Things we learned from production, part III–singleton thinking makes long queues

time to read 3 min | 471 words

One of the more interesting things that we had to learn in production was that we aren’t an only child. It is a bit more complex than that, and I am not explaining well, let me start at the beginning.

Usually, when we work on RavenDB, we work within the scope of a single database, all of our efforts are usually scoped to that. That means that when we worked on the multi database feature for RavenDB, we actually focused on the process of loading a single database up in the air. We considered how multiple databases will interact, and we made sure that they are isolated from one another, but that was about it.

In particular, as mentioned in the previous post, starting up and shutting down were done sequentially, on a per database basis. In order to prevent issues, we had a lock on the initialize database part of the process, so two requests to the same database will not result in the same database being loaded twice.

I mentioned that we were thinking on a single database mindset, right?

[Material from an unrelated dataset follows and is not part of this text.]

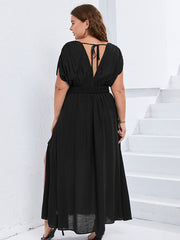 V-Neck Dolman Sleeve Ruched Split Pocket Maxi Dress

Can you guess what happened?

  • Request for DB #1 – lock acquired, starting up
    • Request for DB #1 – waiting for lock to release
    • Request for DB #1 – waiting for lock to release
    • Request for DB #1 – waiting for lock to release
  • DB initialized, lock released
  • All requests are now freed and can be processed.

What happen when we have multiple databases, however?

  • Request for DB #1 – lock acquired, starting up
    • Request for DB #1 – waiting for lock to release
    • Request for DB #2 – waiting for lock to release
    • Request for DB #3 – waiting for lock to release
  • DB initialized, lock released
  • Request for DB #2 – lock released, lock acquired, starting up
    • Request for DB #3 – waiting for lock to release

You guessed it, we actually had a global lock for starting (or disposing, for that matter) databases. That meant that a single db that took time to start would impact other databases.

More importantly, it would means that other requests, which were waiting for that database to load and then had to load their own database, had far less time to actually do the processing they needed. Which meant that they were far more likely to run into the request time limit and be aborted by IIS. Which left them in an inconsistent state. Which was a nightmare to figure out.

We resolved this issue by making sure that the lock is now handled only on the same database, and that we won’t lock forever, if after a while we still don’t have the db, we will error early and give you a 503 Service Unavailable error until the db is ready to rock.